Figure 5. PI3K inhibitors partially rescue the age-associated defect in TLR-4 induced cytokine production by inhibiting phosphorylation of Akt and GSK-3.

The graphs show cytokine secretion by purified aged and young adult splenic macrophages pretreated with either 2 or 5 µM LY294002 or 5 or 50 nM wortmannin (panels A and B) for 60 minutes and then stimulated with LPS (1µg/ml) for 24 hours. Supernatants were collected and assayed for IL-10 (panel A) and IL-12 (p40) (panel B) by sandwich ELISA. Data are presented as mean+/−SE values of 6–10 determinations and are representative of three independent experiments. The symbols * and ** indicate statistical significance of differences in responses in groups treated with LPS alone compared to groups treated with LPS + PI3K inhibitor.

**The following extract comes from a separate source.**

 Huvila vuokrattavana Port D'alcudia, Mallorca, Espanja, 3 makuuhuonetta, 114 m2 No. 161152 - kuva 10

Purified young adult splenic macrophages were pre-treated with either LY294002 or wortmannin for 1 hour and then stimulated with LPS (Panel C) for 15 or 30 minutes. The blots were probed for p-Akt and later probed for total Akt and actin after stripping. The numbers represent densities of bands normalized to total AKT with the values for unstimulated aged macrophages set to 1. Panel D shows relative changes in phosphorylated GSK-3 in young splenic macrophages stimulated with LPS in the presence of PI3K inhibitors. The numbers represent densities of both GSK-3alpha and GSK-3beta bands normalized to total GSK-3β with the values for unstimulated aged macrophages set to one. Results are representative of two independent experiments.

The final figure in panel C is a composite of blots for P-Akt, Akt and actin for samples run on the same membrane that was stripped and reprobed. There was a lane 6 for inhibition with LY294002 at 15 minutes, but this was deleted for consistency between wortmannin and LY294002 at 30 minutes. The same method was employed to generate the Panel D; except that membrane was probed for GSK-3 instead of Akt.